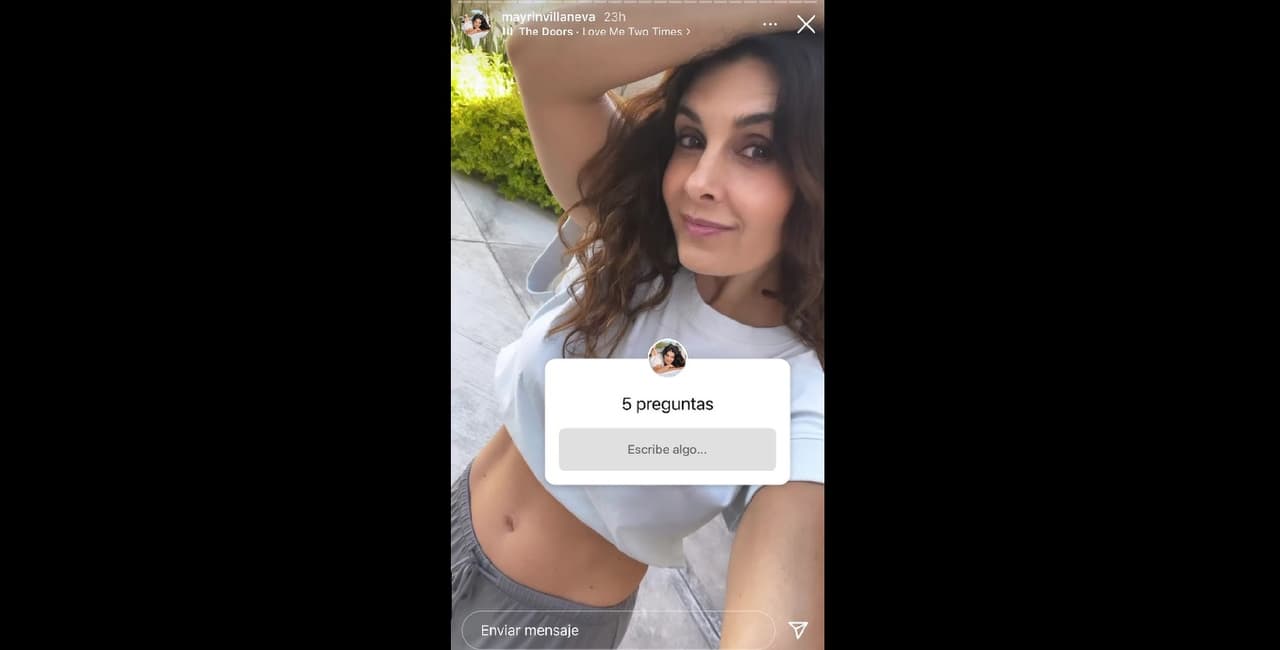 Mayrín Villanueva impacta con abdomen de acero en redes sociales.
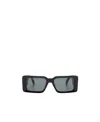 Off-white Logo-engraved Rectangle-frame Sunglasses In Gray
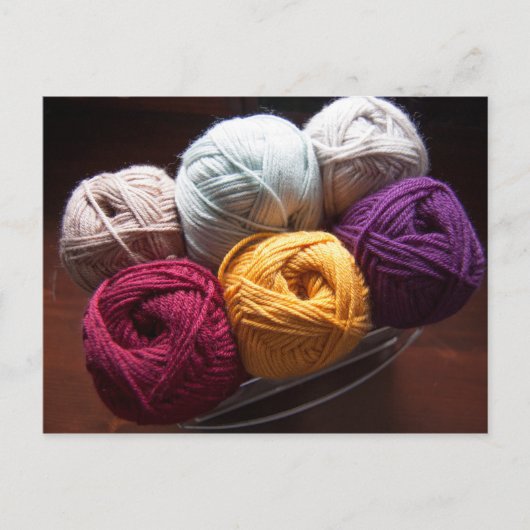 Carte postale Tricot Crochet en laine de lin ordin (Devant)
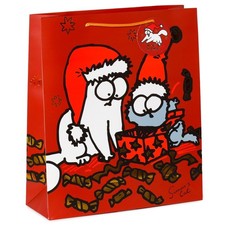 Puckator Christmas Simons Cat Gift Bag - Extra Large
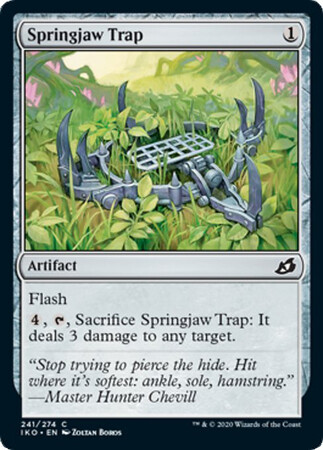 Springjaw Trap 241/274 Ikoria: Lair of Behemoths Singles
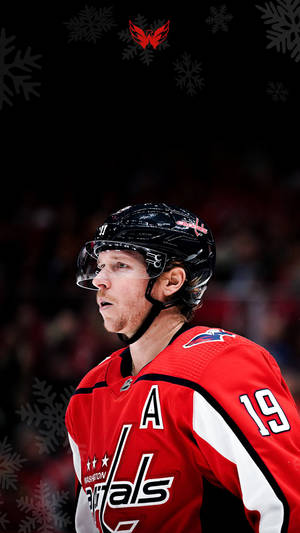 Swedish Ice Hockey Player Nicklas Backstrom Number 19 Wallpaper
● ● ● ● ●
- **Required action**
Pictures aside, reproduce all of the material above without alteration.

- **Solution to the exercise**
 Mayrín Villanueva impacta con abdomen de acero en redes sociales.
 Off-white Logo-engraved Rectangle-frame Sunglasses In Gray
 Carte postale Tricot Crochet en laine de lin ordin (Devant)
 Puckator Christmas Simons Cat Gift Bag - Extra Large
 Springjaw Trap 241/274 Ikoria: Lair of Behemoths Singles
 Swedish Ice Hockey Player Nicklas Backstrom Number 19 Wallpaper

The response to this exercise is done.